Part one of the book charts the beginnings of Deutsch's entrepreneurial stints with snatches of lurid exciting life from the gentlemen's world of publishing. I was unable to empathize with a narrator who cared little for the tangible or material fruits of recognition.  So understated is the memory of her own rise in a profession so mousy to its women in her time, that I am grinding my teeth hopelessly until I am thrown by surprise at the futility of my quest.

Part two of the book takes on a completely different energy, freer, perhaps because this is where she moves away from the rigid structures of office and commerce, and describes at length her interactions with her authors, detailing in other words, her actual work and what she is famous for, 'being an editor', not a publisher (as she has herself warned you in the first chapter of the book). Ms Athill's interactions with authors like Jean Rhys, Brian Moore, Alfred Chester and Mordai Richler are snapshots of rejuvenated brilliance that attire book 2, be it through nursing or midwifery with authors as mentally sick as Alfred or whimsical, mad as Naipaul.
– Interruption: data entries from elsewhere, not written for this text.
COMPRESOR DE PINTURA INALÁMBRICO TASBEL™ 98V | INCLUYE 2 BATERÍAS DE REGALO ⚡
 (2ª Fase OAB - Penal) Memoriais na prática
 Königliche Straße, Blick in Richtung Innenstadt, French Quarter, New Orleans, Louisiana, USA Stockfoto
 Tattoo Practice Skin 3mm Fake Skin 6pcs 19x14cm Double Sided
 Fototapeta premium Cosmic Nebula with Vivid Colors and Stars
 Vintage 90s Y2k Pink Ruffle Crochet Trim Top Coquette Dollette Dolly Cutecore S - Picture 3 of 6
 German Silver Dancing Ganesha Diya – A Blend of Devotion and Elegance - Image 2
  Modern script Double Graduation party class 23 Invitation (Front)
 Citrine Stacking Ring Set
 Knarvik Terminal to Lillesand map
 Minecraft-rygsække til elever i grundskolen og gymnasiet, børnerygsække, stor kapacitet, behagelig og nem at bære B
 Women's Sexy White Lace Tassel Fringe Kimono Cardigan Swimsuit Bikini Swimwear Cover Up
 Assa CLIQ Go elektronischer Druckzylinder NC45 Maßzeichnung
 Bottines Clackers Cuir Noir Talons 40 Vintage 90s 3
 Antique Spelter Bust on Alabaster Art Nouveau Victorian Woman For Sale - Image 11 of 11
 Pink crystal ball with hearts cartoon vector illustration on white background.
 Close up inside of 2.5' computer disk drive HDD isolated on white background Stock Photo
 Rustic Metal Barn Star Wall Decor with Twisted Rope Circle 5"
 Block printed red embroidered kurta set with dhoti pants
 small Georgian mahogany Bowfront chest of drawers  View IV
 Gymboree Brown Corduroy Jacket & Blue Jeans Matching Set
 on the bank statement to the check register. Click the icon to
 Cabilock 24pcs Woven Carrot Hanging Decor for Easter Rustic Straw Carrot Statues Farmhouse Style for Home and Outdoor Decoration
Her witness bares critical and often engaging analysis of author management with spiffy notes on editorial jurisdiction."Perhaps novelists are so often good at gossip because --like God with forgiveness - c'est leur metier," you can hear her chuckle.

The only reason I picked up Stet was for the number of times it came recommended. As a reader, I was distracted by how underpaid and exploited she remained throughout the book, as a guardian and caretaker of Andre Deusche Limited  and her stout refusal to ever back out or ever command her true price. The politics of the commercial workplace (not specific to the 40s when the company was founded), determined you remained if not a mere agent of somebody else's ideas, an ordinary pawn. Do unmarried women, bear the weight of the world more than they have to? Diana's wisdom and humor are a gentle reprieve from what is otherwise an all consuming uphill journey that Athill makes no bones about.

Embedded below is a high quality video of a photo shoot prelude to Diana's upcoming work Instead of a book.
The writing is elegant and classic, witty and learned, a testament to her times in the brave old world of ink. Her marketing nemesis may not be Alison Baverstock, who offers a slickside contemporary view of the glam (and not so glam) street in publishing biz, but the latter is often thrown up as lighter, modern day voice tweeting texts that span the present and future of books.